Locality: If $O_1,O_2$ are spacelike separated (or mutually disjoint, depending on context), then $[\mathcal{A}(O_1), \mathcal{A}(O_2)] = 0$ ( $*$ -commutation).
Covariance: A representation $U:G\to \mathrm{Aut}(H)$ implements $g\cdot\mathcal{A}(O) = \mathcal{A}(gO)$ .
Vacuum Cyclicity/Reeh–Schlieder: The vacuum vector is cyclic and often separating for each $\mathcal{A}(O)$ .
Haag Duality (optional): $\mathcal{A}(O)' = \mathcal{A}(O')$ .

Variants exist for (i) von Neumann algebras (Vecchio et al., 2017, Bahns et al., 2017, Carpi et al., 2015), (ii) C $^*$ -algebraic AQFT (Forger et al., 2013, Ciolli et al., 2011, Neeb, 12 Nov 2025), (iii) finite-dimensional boundary/bulk nets (Jones et al., 2023), and (iv) algebraic conformal nets without topology (Moreau, 8 Aug 2025).
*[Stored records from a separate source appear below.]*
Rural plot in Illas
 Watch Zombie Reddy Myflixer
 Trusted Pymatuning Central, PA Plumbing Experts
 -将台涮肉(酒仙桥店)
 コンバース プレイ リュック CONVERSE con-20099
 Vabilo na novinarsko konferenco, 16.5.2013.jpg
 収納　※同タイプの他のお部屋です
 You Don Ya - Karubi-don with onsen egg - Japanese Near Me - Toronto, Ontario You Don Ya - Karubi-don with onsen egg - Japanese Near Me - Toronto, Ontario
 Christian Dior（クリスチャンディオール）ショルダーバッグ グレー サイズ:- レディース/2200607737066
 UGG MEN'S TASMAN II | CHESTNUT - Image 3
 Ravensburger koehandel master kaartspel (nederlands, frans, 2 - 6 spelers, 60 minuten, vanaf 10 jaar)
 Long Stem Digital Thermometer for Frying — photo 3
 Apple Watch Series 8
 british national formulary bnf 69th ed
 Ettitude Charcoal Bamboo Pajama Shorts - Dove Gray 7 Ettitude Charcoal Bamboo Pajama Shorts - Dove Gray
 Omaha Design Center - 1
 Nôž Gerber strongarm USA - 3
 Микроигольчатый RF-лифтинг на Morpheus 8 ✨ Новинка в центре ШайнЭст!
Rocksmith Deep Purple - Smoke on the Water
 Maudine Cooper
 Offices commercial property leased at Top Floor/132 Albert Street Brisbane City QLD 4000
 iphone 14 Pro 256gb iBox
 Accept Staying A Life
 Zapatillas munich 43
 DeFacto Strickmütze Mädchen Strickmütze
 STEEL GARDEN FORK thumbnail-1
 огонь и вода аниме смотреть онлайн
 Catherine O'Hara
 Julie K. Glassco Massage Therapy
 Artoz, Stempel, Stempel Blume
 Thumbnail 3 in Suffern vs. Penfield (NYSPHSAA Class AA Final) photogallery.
2. Construction Techniques and Examples

2.1 Free and Interacting Quantum Field Nets

Free scalar field: Constructed via Weyl operators $W(f)$ on the symplectic space of test functions, satisfying the canonical commutation relations (Bahns et al., 2017).
Interacting models: The Sine-Gordon net is constructed by perturbative AQFT via relative S-matrices $S_g(f)$ ; automorphic properties and algebraic adiabatic limits yield well-defined interacting nets (Bahns et al., 2017).
Lattice and loop group models: Nets from real subspaces $E(I)$ are second-quantized to Fock space algebras $R(E(I))$ ; lattice extensions adjoin charge-shift operators for even lattices, yielding completely rational conformal nets, including level-1 loop group nets for simply-laced groups (Bischoff, 2011, Neeb, 12 Nov 2025).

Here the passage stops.